Too bad this **** was debunked a long time ago:
Although the categorization of a skull is clearly given arbitrary parameters, it will not locate the owners geographic ancestry concretely all the time. While one's perception of an individual's race can be affected by cultural aspects, the "race" of his skull is less ambiguous. As Dr. Stan Rhine put it, "...it is clear that race does mean different things to different people. In the context of forensic anthropology, the term race is unambiguous."[6] Although their craniofacial race based on skull indices is unambiguous, it will not pin point their geographic origins accurately all the time due to variation in skulls within a geographic region.
While this method produces useful results for the population of the United States, it is likely that it would not be reliable for populations from other countries[7] or historical periods.[8] This is because the United States has traditionally had groups whose ancestries came from geographically distant locations, and which have generally remained endogamous in this country, for social reasons. As more immigrants from in between regions and as Americans become more racially mixed, such craniofacial identification is problematic.

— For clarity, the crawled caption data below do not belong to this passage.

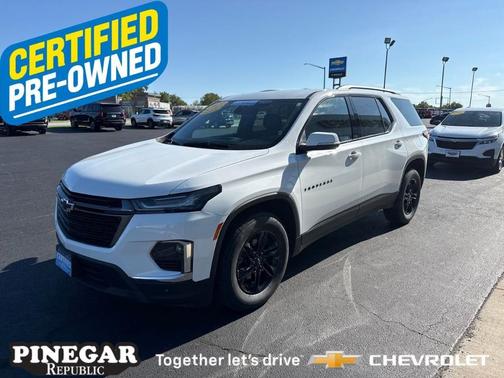 2023 Chevrolet Traverse LT Cloth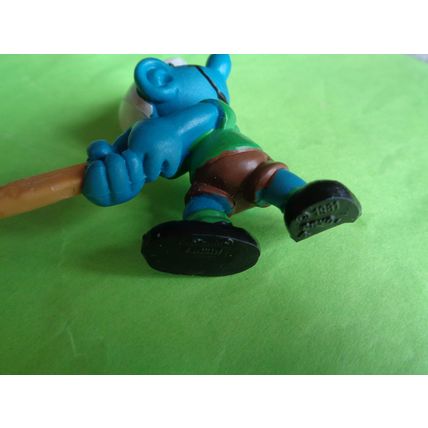Field Hockey smurf complete with hockey stick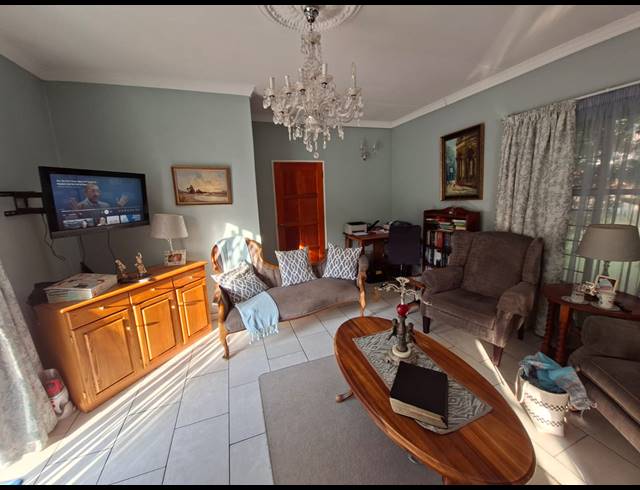 4 BEDROOM FREEHOLD FOR SALE IN GLEN MARAIS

Classification by craniofacial anthropometry does not necessarily coincide with genetic ancestry or social self-identification. For example, about one-third of so-called "White" Americans have detectable African DNA markers.[9] And about five percent of so-called "Black" Americans have no detectable "Negroid" traits at all, neither craniofacial nor in their DNA.[10] In short, given three Americans, one who self-identifies and is socially accepted as U.S. White, another one who self-identifies and is socially accepted as U.S. Black, and one who self-identifies and is socially accepted as U.S. Hispanic, and given that they have precisely the same Afro-European mix of ancestries (one "mulatto" grandparent), there is quite literally no objective test that will identify their U.S. endogamous group membership without an interview.[11] In practice, the application of such forensic criteria ultimately comes down to whether the skull "looks Negroid," "Caucasoid," or "Mongoloid" in the eye of each U.S. forensic practitioner.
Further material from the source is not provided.